We shall try to use a metaphor as well! Imagine a train going Somewhere. Objectively and in the herenow the only thing you can say about it is that it is going Somewhere - this is the direction the train is going in and this direction as such is not good or bad, but obviously quite neutral. You now have to board this train. It seems the thing to do and there is no other train than this one. If you accept to go where the train is heading to, you will feel all right, sit back and probably enjoy the trip. If, however, you insist on going Nowhere, you will feel very upset and even think of getting off Anywhere! Our contention, now, that it is only when we do not only accept but indeed also want, and decide for ourselves, to go Somewhere, that we can in any way say that it is actually the right train going in the right direction. In other words, if your life feels good by following the Buddhist way of life, which is, do not forget, an ongoing reflexion (a side-effect!) of Totality, it is however only when you really want to live this life to the full that you shall also come to know that Life as a whole exists over time for the better and better. It is only by willing to live one's own life well and to the full, that we shall know that existence as a whole progresses over time towards ever better! The proof of the pudding is in the eating with gusto!

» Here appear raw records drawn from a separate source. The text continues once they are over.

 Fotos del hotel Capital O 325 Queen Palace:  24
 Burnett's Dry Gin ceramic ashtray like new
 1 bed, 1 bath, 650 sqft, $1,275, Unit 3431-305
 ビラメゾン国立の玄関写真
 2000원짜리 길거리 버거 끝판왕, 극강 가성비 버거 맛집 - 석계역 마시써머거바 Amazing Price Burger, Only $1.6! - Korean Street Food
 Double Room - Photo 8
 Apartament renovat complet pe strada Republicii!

question In your answer to my 'school' metaphor, you say that direction in the herenow is not dualistic. In my opinion direction is always dualistic, because it implies movement from a to b.
answer There is no movement in direction in the absolute herenow much in the same way that there is no movement in the compass needle pointing North. In fact, there is no movement at all in the absolute here and now. As Vicente Fatone rhetorically asks his readers in The Philosophy of Nagarjuna: "..in the distance already covered, i.e. in the past, is there movement in the moving body? No. In the distance not yet covered, i.e. in the future, is there movement in the moving body? Certainly not! Therefore the movement can only be present movement. But the present movement is contradictory because it does not imply the moments which the movement implies. Movement can be conceived of only in the present, but in the present the movement is incomprehensible because it is contradictory." The origin, duration and death of things, affirmed by superficial knowledge (samvriti-satya), he sums up later on, prove to be illusory in the light of transcendental knowledge (paramartha-satya). Very interesting, of course, what Fatone says, but might we please add that, in the present context of the Buddhist teaching in everyday life, this assessment of the fundamental un-reality of time does not, however, invalidate the direction of time-being as we experience it in the here and now? We know when we are facing the sun!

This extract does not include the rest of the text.